And so here is what the Bills plan to do about it: They’ve introduced an updated tailgate safety policy and created something they’ve called “Tailgate Village.”

Henceforth, fans who travel by bus or limo and are interested in partying like is 2019, will be required to purchase a package. A 20-person vehicle is $300 ($15 per person), a 40-person vehicle $600 and 60-person vehicle $900.

“We heard from the bus and limo companies,” said Major. ‘Hey, I don’t know if I want to bring a bus here again.’ ”

The Bills have hired a company that choreographs tailgating parties for a living. It’s just one of the ways the team has decided to deal with disorderly behavior that could ruin the day for everyone around them.

“Our No. 1 concern as an organization is fan safety,” said Major. “When you’re seeing what was happening in the bus lot the last couple seasons, especially last year, it gets very concerning. It’s dangerous behavior, not just negative fan behavior. It’s dangerous to security, the sheriffs and staff who are trying to police things.”

Bills fans

(Photo by Tom Szczerbowski/Getty Images)

Some things will not change. Fans can bring stuff to eat and drink,, but the Village will resemble more of a party venue than before.

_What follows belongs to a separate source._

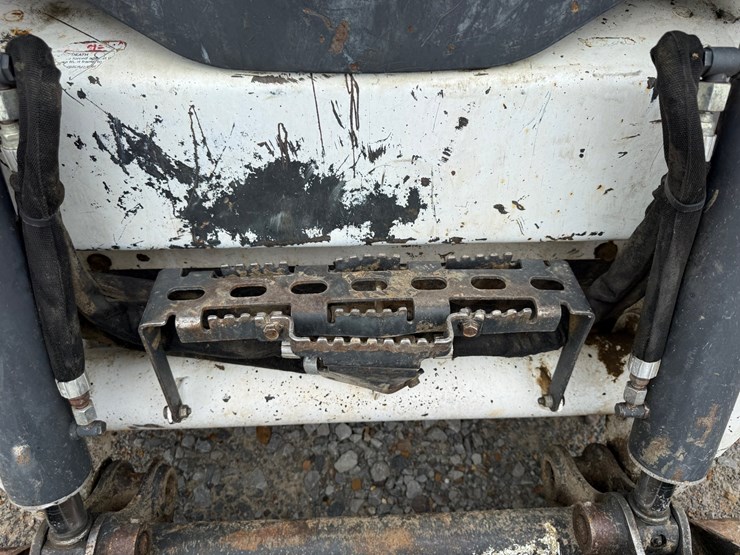 bobcat-t550-image-33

It will also be able to accommodate 4,000 fans. That’s a lot of Bud Light.

Included in the tailgate packages is a tent and tables and chairs. The company will even help fans set up the place. If needed, fans can accessorize with a la carte items such as more tables and chairs, grills, televisions and full catering options, including beverages.

If the fans do not want to tailgate, if for some strange reason they are there only to see the Bills finally kick Tom Brady’s GOAT ass, the buses and vans and get in by buying a $100 parking pass.

How bad has fan behavior been in the past? Did you see the dude on the Deadspin video who jumped off the bus and into the food-covered table? Yeah, that was really funny, wasn’t it?

Starting next year, if you to party, you will have to be inside the Village. No food and beverages will be allowed outside of the safe zone

“This whole thing evolved from feedback,” Major said.

Along with the party company’s help, the Bills worked with the Limousine-Bus-Taxi Operators of Upstate New York, Erie County Sheriff’s Office and Orchard Park Police Department to develop the new policy.

“The concern was from a fan-safety standpoint, and trying to enhance the fan experience in the bus lot for everybody,” Major said. “This really helps us with the safety factor. Buffalo fans – we’ve got the best fans in the NFL. They know how to tailgate and have a good time. We’re just trying to make it safe and encourage a responsible atmosphere that’s fun for everyone.”

Of course, these big plans do nothing to help curb the problems caused by some fans traveling in a smaller groups. Limos carrying 11 or less will not be subject to the tailgate package requirement and can continue to park in their same spots and imbibe at whatever pace they want.

The bottom line is, it’s a start by an organization trying to do the right thing. Now all the Bills need is for some of their fans to do the same thing.